• **Data shown**:

Start of Block

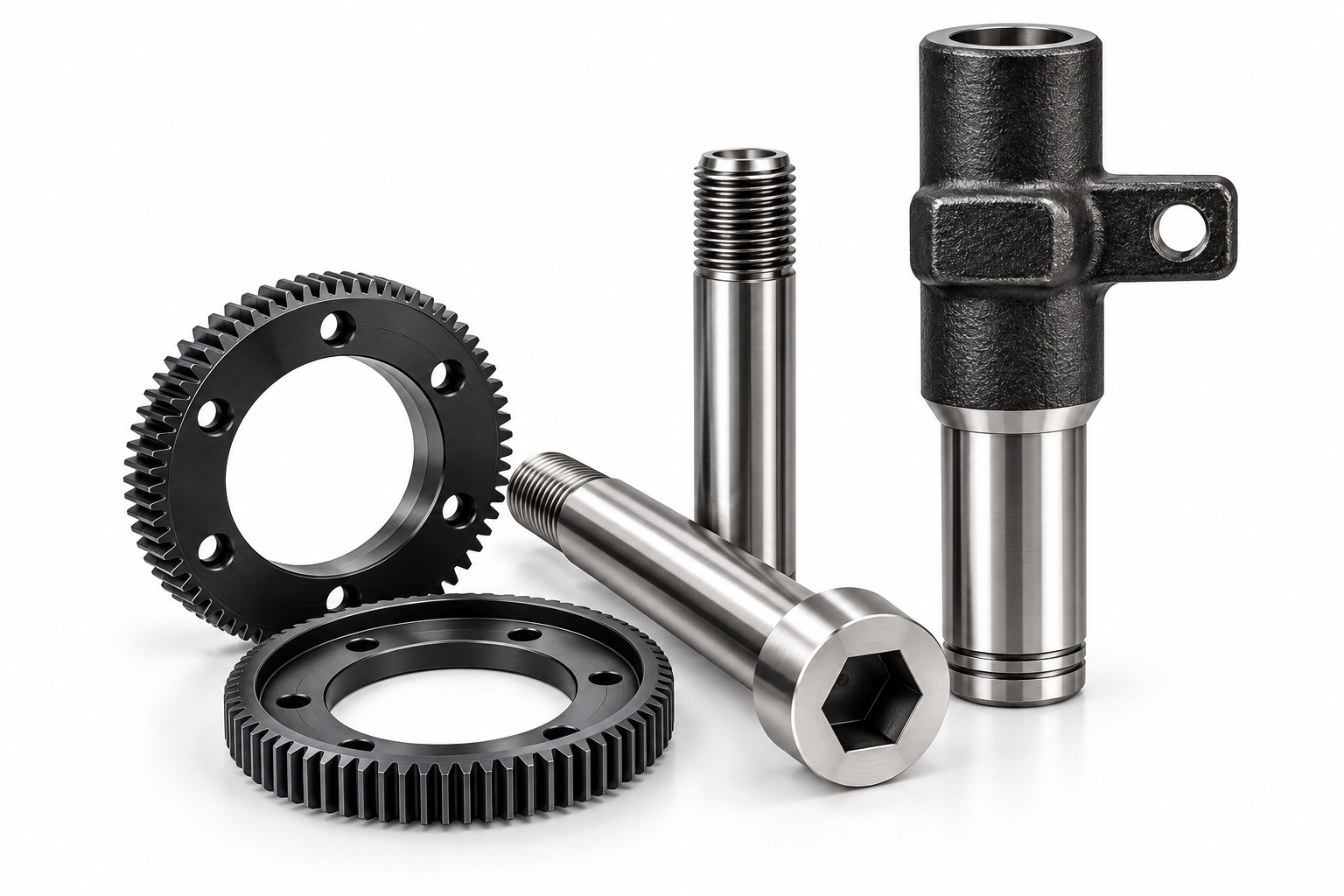 CNC Machined Gears and Shafts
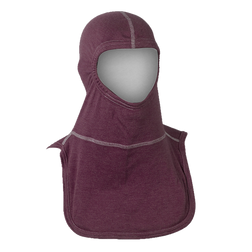 MAJFIRE Maroon PAC II Maroon Nomex Blend 21 in Long Notched Shoulder Bib Protective Hood - Each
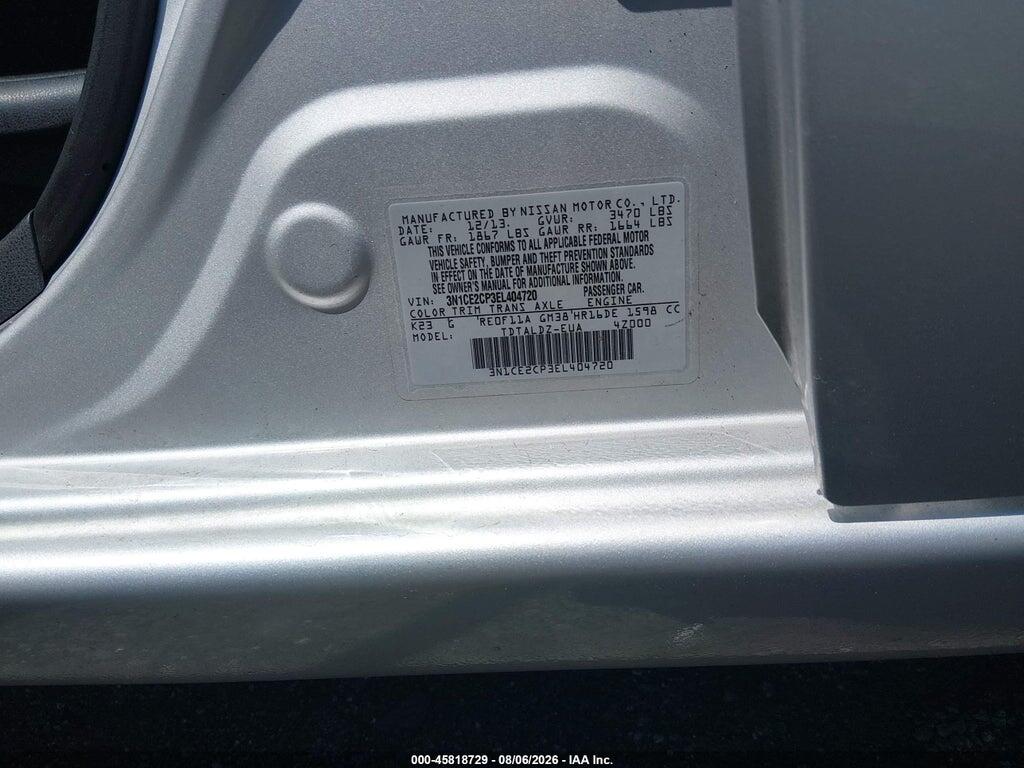 3N1CE2CP3EL404720 2014 NISSAN VERSA NOTE photo no. 9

End of Block

• **Your goal**: Beginning with the line that holds "MAJFIRE Maroon PAC", extract every line to the end of the material, exactly as it stands, and drop the pictures.

• **Result of the exercise**:
 MAJFIRE Maroon PAC II Maroon Nomex Blend 21 in Long Notched Shoulder Bib Protective Hood - Each
 3N1CE2CP3EL404720 2014 NISSAN VERSA NOTE photo no. 9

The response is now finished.